現在の価値基準で言えば1,000万円オーバーで、しかも当時の生産コストは2,000万円と「作れば作るほど赤字」とも言われていたので、これでもバーゲンプライス。
何より「マツダロータリーのイメージリーダーでありフラッグシップを大事にするマツダの漢気」に惚れたユーザーにとって、20B搭載コスモは、まさにステータスシンボルだったと言えました。
【マツダ唯一の市販車用3ローターエンジン・20Bの特徴】
・4本出しマフラー(13B搭載型は2本出し)
・本当の実力は333馬力、自主規制で280馬力に抑えたものの、大トルクで爆発的加速。
・シーケンシャルツインターボのタービン音はそれなりに車内に入ってくるものの、エンジン上に500円玉を載せても倒れないと言われた低振動。

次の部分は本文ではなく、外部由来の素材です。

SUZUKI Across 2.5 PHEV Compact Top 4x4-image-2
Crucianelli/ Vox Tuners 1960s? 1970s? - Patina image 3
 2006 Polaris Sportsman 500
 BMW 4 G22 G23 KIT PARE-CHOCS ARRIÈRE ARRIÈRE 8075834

・燃費は1,500回転以下で2km/L前後に落ちるため街中の渋滞では85Lタンク(13B搭載型は72L)でも心元無いものの、高速巡行では余裕ある走りでカタログ燃費の6.1km/Lを超えることも。
・ロータリー専用車らしく低いボンネットの下ではインタークーラー(空冷)、ラジエーター、オイルクーラーと重なってその奥にエンジンとターボが押し込められ、熱がこもりやすかった。
・ミッションは13B搭載型も含め4ATのみで、RX-7用MTに換装するチューニングもあるが、耐久性にはやはり不安がある模様。
基本的にはデザイン優先でスポーツ走行向きの排熱などはあまり考慮されていない印象で、低速域での燃費の悪さもあって「高速長距離を優雅にクルージング」するのに特化した車だと言えます。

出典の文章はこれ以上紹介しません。